Fall referendum trade-offs
The plan to combine science, technology, and infrastructure improvements with subsidizing daycare and re-laying out athletic fields and locker rooms would exceed $19,000 per household
If you’re an average family in Sheboygan Falls, you have a $19,000 decision on Tuesday, November 5. If voters approve the referendum, the 5,214 households in the school district will spend $100 million plus interest on school facilities. You’ll pay much of the $19k through your property taxes, which will increase from $1,185 to $1,520 for a $150k home. Rent rates will follow suit. You’ll pay the rest through higher prices and lower wages passed on by businesses paying their property taxes.
The $100M prices out at 10 years of K-12 instruction ($10M/year) or 3 middle schools (ours cost $31M). Without a new school planned, where would all that tax money go?
Daycare wing
A large chunk is a new daycare wing. The district currently subsidizes public daycare through buildings that taxpayers built, maintain, and operate. The elementary school addition would greatly expand the project.
Taxpayer-funded daycare has some plusses, such as helping families and supporting special-needs children. For ordinary children, however, daycare research shows worse impulse control, aggression, hyperactivity, stress, and emotional and physical health. Daycare subsidies discriminate against parents who raise their children at home, whereas equitable alternatives like child tax credits support all parents.
A daycare wing also wouldn’t have a practical effect on school capacity, since classrooms would stay the same size. Stats showing the elementary school over capacity assume daycare gets priority over students. The district’s 2023 facilities study calculated a functional capacity of 754 students (current enrollment is 588).1
Athletic facilities
Another spending chunk would modify the athletic facilities. How much use the new fitness center would get is unknown, since the YMCA’s fitness center has plenty of capacity. The locker room re-layout would shrink boys spaces, despite far less costly ways of continuing equal benefits, opportunities, and treatment for boys and girls teams overall. Imagine if booster clubs had access to the millions being considered.
The athletics changes would also reorient the ballfields to put fans closer to the concession stands — somewhat valuable but well below the “worth it” threshold of non-tax funding through increased concession proceeds. The fields would also get better drainage, but postponed ball games on decent-weather days are rare anyway.

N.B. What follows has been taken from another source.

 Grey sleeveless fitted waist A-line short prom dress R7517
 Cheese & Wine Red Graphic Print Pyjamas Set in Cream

For soccer, a high-school field would be nice, but the football field is currently separate for a reason. In late fall, instead of playing in the sun, the Kohler soccer team waits at night for football games to finish. Plymouth also has a turf field but avoids resource contention by still playing soccer on grass.
Technology and infrastructure
The spending chunks I’m excited about are the science and technology area updates. These would have a direct impact on student academics and trade skill development. That said, extending the E-wing would be better than tearing it down and rebuilding over the tennis courts.

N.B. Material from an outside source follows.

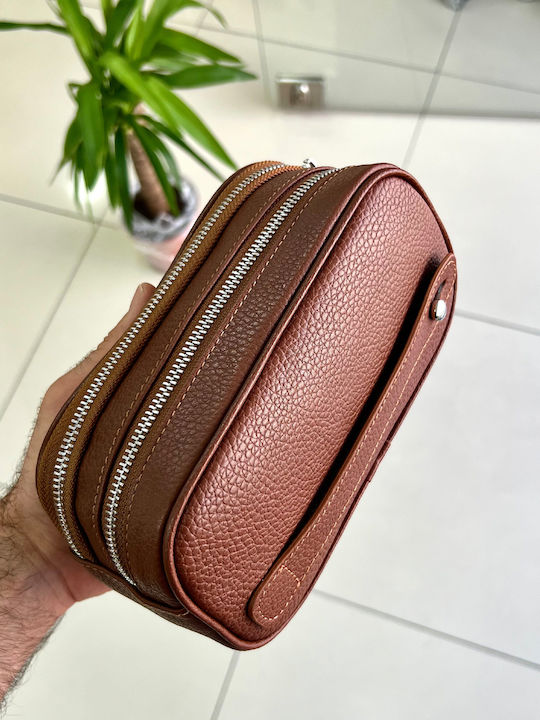 Leather Men's Handbag Tabac Brown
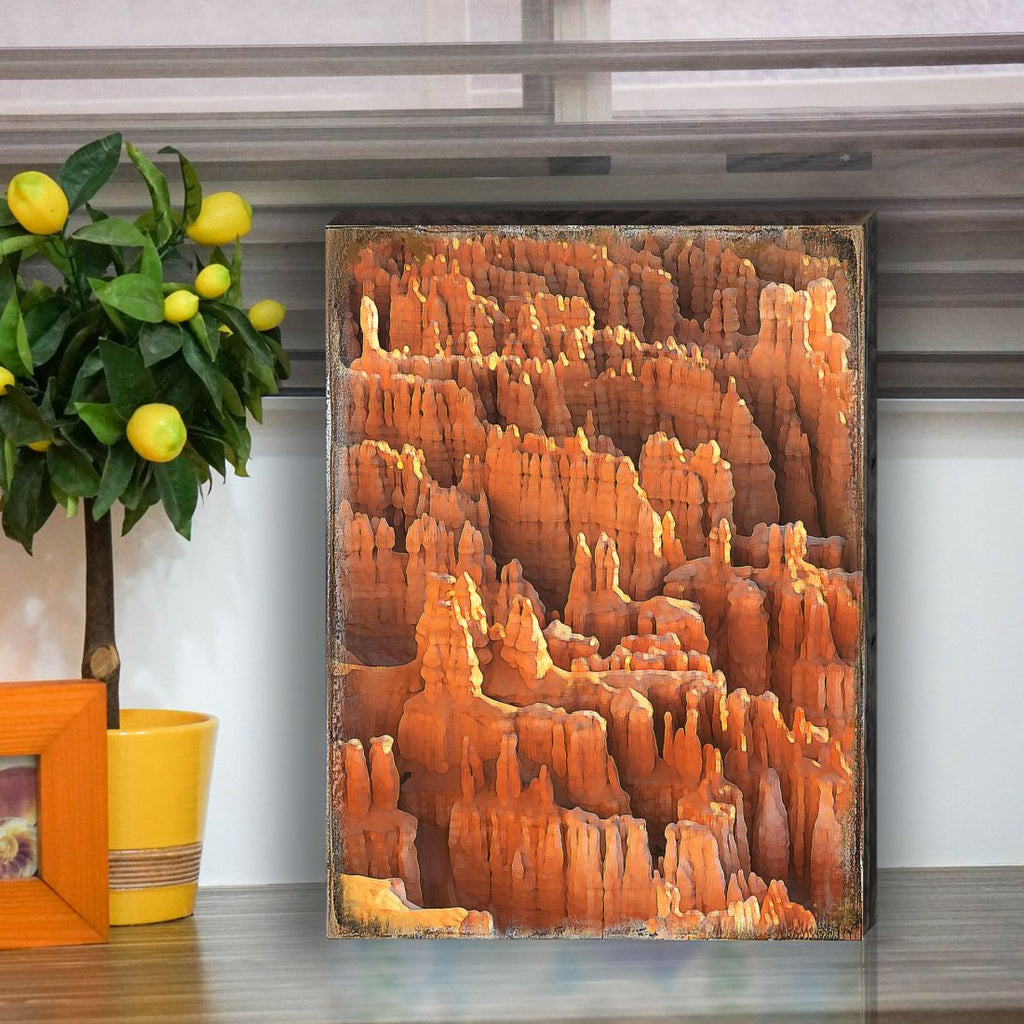 Rocky Mountain Side Wooden Wall Art by Nature Wonders - Nature Wildlife Decor - 95285B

While less exciting, the chunks for infrastructure are still important. Some, like roof, HVAC, and playground upkeep, are ordinary capital maintenance that don’t need a referendum, but get included to allow for a larger school operating budget. Not so ordinary are the elementary school windows. They’re performing poorly because they’re not proper commercial grade. Let’s hope for a lessons-learned report that corrects any errant processes to ensure sound purchases going forward.

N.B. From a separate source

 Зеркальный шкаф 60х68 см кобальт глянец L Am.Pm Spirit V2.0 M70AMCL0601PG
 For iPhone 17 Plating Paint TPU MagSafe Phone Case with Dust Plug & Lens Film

Finally, the high school partitioning chunk restricts building access during after-school sporting events. It’s a small plus for security but is largely redundant with the $250k spent last year on new security cameras and equipment.
Student impact
If you keep your $19k, how would students fair? Their families would decide how to spend their own $19k (e.g., for college). Important capital maintenance would continue, with discretionary improvements awaiting a reprioritized April referendum.